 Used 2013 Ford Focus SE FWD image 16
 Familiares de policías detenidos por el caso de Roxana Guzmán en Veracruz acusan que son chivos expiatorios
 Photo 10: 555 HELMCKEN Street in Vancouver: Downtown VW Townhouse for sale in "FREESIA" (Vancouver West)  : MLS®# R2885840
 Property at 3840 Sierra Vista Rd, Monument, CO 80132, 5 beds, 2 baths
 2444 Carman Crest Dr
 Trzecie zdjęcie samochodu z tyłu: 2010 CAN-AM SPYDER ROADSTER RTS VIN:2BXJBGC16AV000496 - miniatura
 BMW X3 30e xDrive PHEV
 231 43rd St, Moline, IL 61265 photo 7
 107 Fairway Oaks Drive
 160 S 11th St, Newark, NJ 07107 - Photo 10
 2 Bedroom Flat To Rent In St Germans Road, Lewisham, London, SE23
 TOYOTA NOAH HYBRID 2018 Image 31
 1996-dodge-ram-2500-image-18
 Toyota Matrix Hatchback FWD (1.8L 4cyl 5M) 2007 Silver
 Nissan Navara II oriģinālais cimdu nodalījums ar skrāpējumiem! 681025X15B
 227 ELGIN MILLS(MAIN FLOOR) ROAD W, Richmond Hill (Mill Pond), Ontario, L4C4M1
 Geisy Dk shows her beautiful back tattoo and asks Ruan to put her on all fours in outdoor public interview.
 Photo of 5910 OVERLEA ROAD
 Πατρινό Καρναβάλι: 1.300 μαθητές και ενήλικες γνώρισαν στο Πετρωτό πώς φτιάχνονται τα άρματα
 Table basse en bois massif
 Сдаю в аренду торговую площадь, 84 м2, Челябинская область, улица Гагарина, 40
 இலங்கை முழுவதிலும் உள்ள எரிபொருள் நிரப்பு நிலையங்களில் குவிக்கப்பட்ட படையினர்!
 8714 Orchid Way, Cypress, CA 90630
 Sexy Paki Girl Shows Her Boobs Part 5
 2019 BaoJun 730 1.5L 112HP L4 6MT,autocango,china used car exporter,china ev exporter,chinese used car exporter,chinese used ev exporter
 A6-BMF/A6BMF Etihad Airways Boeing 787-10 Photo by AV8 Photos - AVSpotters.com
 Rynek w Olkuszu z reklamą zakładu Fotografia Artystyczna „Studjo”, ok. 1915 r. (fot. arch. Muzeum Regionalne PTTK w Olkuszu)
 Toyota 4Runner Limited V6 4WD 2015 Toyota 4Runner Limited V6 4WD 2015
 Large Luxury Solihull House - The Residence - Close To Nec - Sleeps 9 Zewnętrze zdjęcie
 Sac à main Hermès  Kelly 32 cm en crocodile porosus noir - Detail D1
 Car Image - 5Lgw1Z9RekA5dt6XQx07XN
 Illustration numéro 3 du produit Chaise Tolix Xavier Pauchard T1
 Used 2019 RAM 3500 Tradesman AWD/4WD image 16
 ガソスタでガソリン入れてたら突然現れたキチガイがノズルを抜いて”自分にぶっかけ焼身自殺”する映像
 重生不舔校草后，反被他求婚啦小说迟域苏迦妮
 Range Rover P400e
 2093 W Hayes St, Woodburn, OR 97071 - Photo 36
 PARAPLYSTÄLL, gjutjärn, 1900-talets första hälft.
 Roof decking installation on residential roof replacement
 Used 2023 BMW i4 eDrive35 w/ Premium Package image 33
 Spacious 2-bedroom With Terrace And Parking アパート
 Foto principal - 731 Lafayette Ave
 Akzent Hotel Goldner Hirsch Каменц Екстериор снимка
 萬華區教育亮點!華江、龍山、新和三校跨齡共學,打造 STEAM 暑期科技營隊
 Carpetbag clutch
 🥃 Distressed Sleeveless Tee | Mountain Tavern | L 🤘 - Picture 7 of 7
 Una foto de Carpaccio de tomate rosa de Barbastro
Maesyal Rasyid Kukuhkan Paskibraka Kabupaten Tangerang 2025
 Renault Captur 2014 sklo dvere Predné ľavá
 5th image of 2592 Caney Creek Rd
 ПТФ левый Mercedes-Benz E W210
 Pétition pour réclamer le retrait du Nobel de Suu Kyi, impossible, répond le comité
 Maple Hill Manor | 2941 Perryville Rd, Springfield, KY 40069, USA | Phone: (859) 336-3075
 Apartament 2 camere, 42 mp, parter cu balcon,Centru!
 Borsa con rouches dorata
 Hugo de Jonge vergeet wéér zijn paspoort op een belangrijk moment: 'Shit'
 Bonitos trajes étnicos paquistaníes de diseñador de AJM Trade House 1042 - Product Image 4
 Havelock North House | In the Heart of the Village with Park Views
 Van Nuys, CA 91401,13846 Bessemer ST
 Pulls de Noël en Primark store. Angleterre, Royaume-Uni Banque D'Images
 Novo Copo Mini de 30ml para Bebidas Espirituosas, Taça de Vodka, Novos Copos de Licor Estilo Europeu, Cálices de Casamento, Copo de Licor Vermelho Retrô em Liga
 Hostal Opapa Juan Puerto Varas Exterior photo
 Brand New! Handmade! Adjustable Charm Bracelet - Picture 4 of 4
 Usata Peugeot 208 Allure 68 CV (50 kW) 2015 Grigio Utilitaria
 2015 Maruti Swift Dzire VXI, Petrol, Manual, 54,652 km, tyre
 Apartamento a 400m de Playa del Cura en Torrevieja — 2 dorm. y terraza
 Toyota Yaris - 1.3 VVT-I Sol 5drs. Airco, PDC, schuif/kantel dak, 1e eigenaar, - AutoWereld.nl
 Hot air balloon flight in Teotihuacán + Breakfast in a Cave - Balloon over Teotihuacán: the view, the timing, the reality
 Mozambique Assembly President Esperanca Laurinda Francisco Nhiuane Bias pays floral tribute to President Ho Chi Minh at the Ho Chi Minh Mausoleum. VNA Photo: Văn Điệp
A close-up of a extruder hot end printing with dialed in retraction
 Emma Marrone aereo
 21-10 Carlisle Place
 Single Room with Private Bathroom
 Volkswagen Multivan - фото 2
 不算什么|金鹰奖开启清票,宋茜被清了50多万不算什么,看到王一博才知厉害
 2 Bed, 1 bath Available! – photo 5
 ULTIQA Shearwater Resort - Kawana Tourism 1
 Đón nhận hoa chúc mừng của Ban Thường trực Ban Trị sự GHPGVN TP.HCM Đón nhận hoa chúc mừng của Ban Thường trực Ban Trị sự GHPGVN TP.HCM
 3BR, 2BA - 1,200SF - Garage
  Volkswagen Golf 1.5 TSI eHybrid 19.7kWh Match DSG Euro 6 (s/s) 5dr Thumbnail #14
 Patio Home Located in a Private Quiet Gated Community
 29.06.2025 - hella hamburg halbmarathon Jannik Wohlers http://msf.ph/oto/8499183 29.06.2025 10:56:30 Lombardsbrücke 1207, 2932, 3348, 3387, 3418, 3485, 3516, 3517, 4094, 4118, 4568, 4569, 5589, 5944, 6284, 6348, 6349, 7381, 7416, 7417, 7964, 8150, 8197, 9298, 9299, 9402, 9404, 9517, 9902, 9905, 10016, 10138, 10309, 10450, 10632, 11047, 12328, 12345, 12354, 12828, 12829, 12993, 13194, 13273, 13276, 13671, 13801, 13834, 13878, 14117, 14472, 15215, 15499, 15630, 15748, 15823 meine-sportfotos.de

§

» **Aim of the exercise**:
Every line of the data above should be copied exactly.

» **Exercise output**:
 Used 2013 Ford Focus SE FWD image 16
 Familiares de policías detenidos por el caso de Roxana Guzmán en Veracruz acusan que son chivos expiatorios
 Photo 10: 555 HELMCKEN Street in Vancouver: Downtown VW Townhouse for sale in "FREESIA" (Vancouver West)  : MLS®# R2885840
 Property at 3840 Sierra Vista Rd, Monument, CO 80132, 5 beds, 2 baths
 2444 Carman Crest Dr
 Trzecie zdjęcie samochodu z tyłu: 2010 CAN-AM SPYDER ROADSTER RTS VIN:2BXJBGC16AV000496 - miniatura
 BMW X3 30e xDrive PHEV
 231 43rd St, Moline, IL 61265 photo 7
 107 Fairway Oaks Drive
 160 S 11th St, Newark, NJ 07107 - Photo 10
 2 Bedroom Flat To Rent In St Germans Road, Lewisham, London, SE23
 TOYOTA NOAH HYBRID 2018 Image 31
 1996-dodge-ram-2500-image-18
 Toyota Matrix Hatchback FWD (1.8L 4cyl 5M) 2007 Silver
 Nissan Navara II oriģinālais cimdu nodalījums ar skrāpējumiem! 681025X15B
 227 ELGIN MILLS(MAIN FLOOR) ROAD W, Richmond Hill (Mill Pond), Ontario, L4C4M1
 Geisy Dk shows her beautiful back tattoo and asks Ruan to put her on all fours in outdoor public interview.
 Photo of 5910 OVERLEA ROAD
 Πατρινό Καρναβάλι: 1.300 μαθητές και ενήλικες γνώρισαν στο Πετρωτό πώς φτιάχνονται τα άρματα
 Table basse en bois massif
 Сдаю в аренду торговую площадь, 84 м2, Челябинская область, улица Гагарина, 40
 இலங்கை முழுவதிலும் உள்ள எரிபொருள் நிரப்பு நிலையங்களில் குவிக்கப்பட்ட படையினர்!
 8714 Orchid Way, Cypress, CA 90630
 Sexy Paki Girl Shows Her Boobs Part 5
 2019 BaoJun 730 1.5L 112HP L4 6MT,autocango,china used car exporter,china ev exporter,chinese used car exporter,chinese used ev exporter
 A6-BMF/A6BMF Etihad Airways Boeing 787-10 Photo by AV8 Photos - AVSpotters.com
 Rynek w Olkuszu z reklamą zakładu Fotografia Artystyczna „Studjo”, ok. 1915 r. (fot. arch. Muzeum Regionalne PTTK w Olkuszu)
 Toyota 4Runner Limited V6 4WD 2015 Toyota 4Runner Limited V6 4WD 2015
 Large Luxury Solihull House - The Residence - Close To Nec - Sleeps 9 Zewnętrze zdjęcie
 Sac à main Hermès  Kelly 32 cm en crocodile porosus noir - Detail D1
 Car Image - 5Lgw1Z9RekA5dt6XQx07XN
 Illustration numéro 3 du produit Chaise Tolix Xavier Pauchard T1
 Used 2019 RAM 3500 Tradesman AWD/4WD image 16
 ガソスタでガソリン入れてたら突然現れたキチガイがノズルを抜いて”自分にぶっかけ焼身自殺”する映像
 重生不舔校草后，反被他求婚啦小说迟域苏迦妮
 Range Rover P400e
 2093 W Hayes St, Woodburn, OR 97071 - Photo 36
 PARAPLYSTÄLL, gjutjärn, 1900-talets första hälft.
 Roof decking installation on residential roof replacement
 Used 2023 BMW i4 eDrive35 w/ Premium Package image 33
 Spacious 2-bedroom With Terrace And Parking アパート
 Foto principal - 731 Lafayette Ave
 Akzent Hotel Goldner Hirsch Каменц Екстериор снимка
 萬華區教育亮點!華江、龍山、新和三校跨齡共學,打造 STEAM 暑期科技營隊
 Carpetbag clutch
 🥃 Distressed Sleeveless Tee | Mountain Tavern | L 🤘 - Picture 7 of 7
 Una foto de Carpaccio de tomate rosa de Barbastro
Maesyal Rasyid Kukuhkan Paskibraka Kabupaten Tangerang 2025
 Renault Captur 2014 sklo dvere Predné ľavá
 5th image of 2592 Caney Creek Rd
 ПТФ левый Mercedes-Benz E W210
 Pétition pour réclamer le retrait du Nobel de Suu Kyi, impossible, répond le comité
 Maple Hill Manor | 2941 Perryville Rd, Springfield, KY 40069, USA | Phone: (859) 336-3075
 Apartament 2 camere, 42 mp, parter cu balcon,Centru!
 Borsa con rouches dorata
 Hugo de Jonge vergeet wéér zijn paspoort op een belangrijk moment: 'Shit'
 Bonitos trajes étnicos paquistaníes de diseñador de AJM Trade House 1042 - Product Image 4
 Havelock North House | In the Heart of the Village with Park Views
 Van Nuys, CA 91401,13846 Bessemer ST
 Pulls de Noël en Primark store. Angleterre, Royaume-Uni Banque D'Images
 Novo Copo Mini de 30ml para Bebidas Espirituosas, Taça de Vodka, Novos Copos de Licor Estilo Europeu, Cálices de Casamento, Copo de Licor Vermelho Retrô em Liga
 Hostal Opapa Juan Puerto Varas Exterior photo
 Brand New! Handmade! Adjustable Charm Bracelet - Picture 4 of 4
 Usata Peugeot 208 Allure 68 CV (50 kW) 2015 Grigio Utilitaria
 2015 Maruti Swift Dzire VXI, Petrol, Manual, 54,652 km, tyre
 Apartamento a 400m de Playa del Cura en Torrevieja — 2 dorm. y terraza
 Toyota Yaris - 1.3 VVT-I Sol 5drs. Airco, PDC, schuif/kantel dak, 1e eigenaar, - AutoWereld.nl
 Hot air balloon flight in Teotihuacán + Breakfast in a Cave - Balloon over Teotihuacán: the view, the timing, the reality
 Mozambique Assembly President Esperanca Laurinda Francisco Nhiuane Bias pays floral tribute to President Ho Chi Minh at the Ho Chi Minh Mausoleum. VNA Photo: Văn Điệp
A close-up of a extruder hot end printing with dialed in retraction
 Emma Marrone aereo
 21-10 Carlisle Place
 Single Room with Private Bathroom
 Volkswagen Multivan - фото 2
 不算什么|金鹰奖开启清票,宋茜被清了50多万不算什么,看到王一博才知厉害
 2 Bed, 1 bath Available! – photo 5
 ULTIQA Shearwater Resort - Kawana Tourism 1
 Đón nhận hoa chúc mừng của Ban Thường trực Ban Trị sự GHPGVN TP.HCM Đón nhận hoa chúc mừng của Ban Thường trực Ban Trị sự GHPGVN TP.HCM
 3BR, 2BA - 1,200SF - Garage
  Volkswagen Golf 1.5 TSI eHybrid 19.7kWh Match DSG Euro 6 (s/s) 5dr Thumbnail #14
 Patio Home Located in a Private Quiet Gated Community
 29.06.2025 - hella hamburg halbmarathon Jannik Wohlers http://msf.ph/oto/8499183 29.06.2025 10:56:30 Lombardsbrücke 1207, 2932, 3348, 3387, 3418, 3485, 3516, 3517, 4094, 4118, 4568, 4569, 5589, 5944, 6284, 6348, 6349, 7381, 7416, 7417, 7964, 8150, 8197, 9298, 9299, 9402, 9404, 9517, 9902, 9905, 10016, 10138, 10309, 10450, 10632, 11047, 12328, 12345, 12354, 12828, 12829, 12993, 13194, 13273, 13276, 13671, 13801, 13834, 13878, 14117, 14472, 15215, 15499, 15630, 15748, 15823 meine-sportfotos.de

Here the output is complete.